Th. Quand nous serions dans l’état où fut Adam avant d’avoir donné des noms aux animaux, ce défaut ne, laisserait pas d’avoir lieu. Car, supposé qu’on sût que parmi les bÊtes tachetées il y en a une qui a la vue extrêmement pénétrante, mais qu’on ne sût point si c’est un tigre ou un lynx ou une autre espèce ; c’est une imperfection de ne pouvoir point la distinguer. Ainsi il ne s’agit pas tant du nom que de ce qui y peut donner sujet, et qui rend l’animal digne d’une dénomination particulière.
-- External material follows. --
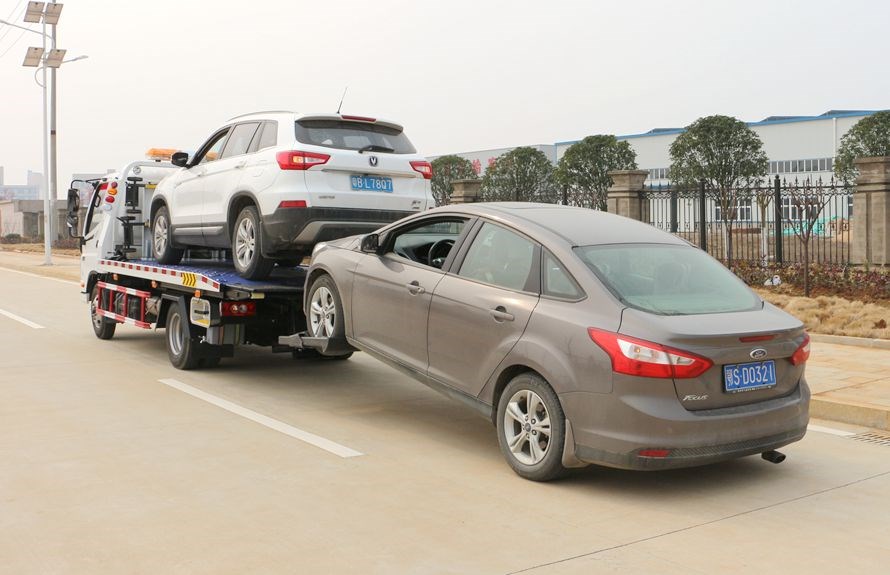 福田欧马蓝牌清障车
Il paraît aussi par la que l’idée d’une bête tachetée est bonne en elle-même, et sans confusion et obscurité, lorsqu’elle ne doit servir que de genre ; mais lorsque, jointe à quelque autre idée dont on ne se souvient pas assez, elle doit désigner l’espèce, l’idée qui en est composée, est obscure et imparfaite.

§ 8. Ph. Il y a un défaut opposé lorsque les idées simples, qui forment l’idée composée, sont en nombre suffisant, mais trop confondues et embrouillées, comme il y a des tableaux qui paraissent aussi confus que s’ils ne devaient être que la représentation du ciel couvert de nuages, auquel cas aussi on ne dirait point qu’il y a de la confusion, non plus que si c’était un autre tableau fait pour imiter celui-la ; mais, lorsqu’on dit que ce tableau doit faire voir un portrait, on aura raison de dire qu’il est confus parce qu’on ne saurait dire si c’est celui d’un homme, ou d’un singe[1] ou d’un poisson, cependant il se peut que lorsqu’on le regarde dans un miroir cylindrique, la confusion disparaisse, et que l’on voie que c’est Jules César. Ainsi aucune des peintures mentales (si, j’ose m’exprimer ainsi) ne peut être appelée confuse de quelque manière que ses parties soient jointes ensemble ; car quelles que soient ces peintures, elles peuvent être distinguées évidemment de toute autre, jusqu’à ce qu’elles soient rangées sous quelque nom ordinaire, auquel on ne saurait voir qu’elles appartiennent plutôt qu’à quelque autre nom d’une signification différente.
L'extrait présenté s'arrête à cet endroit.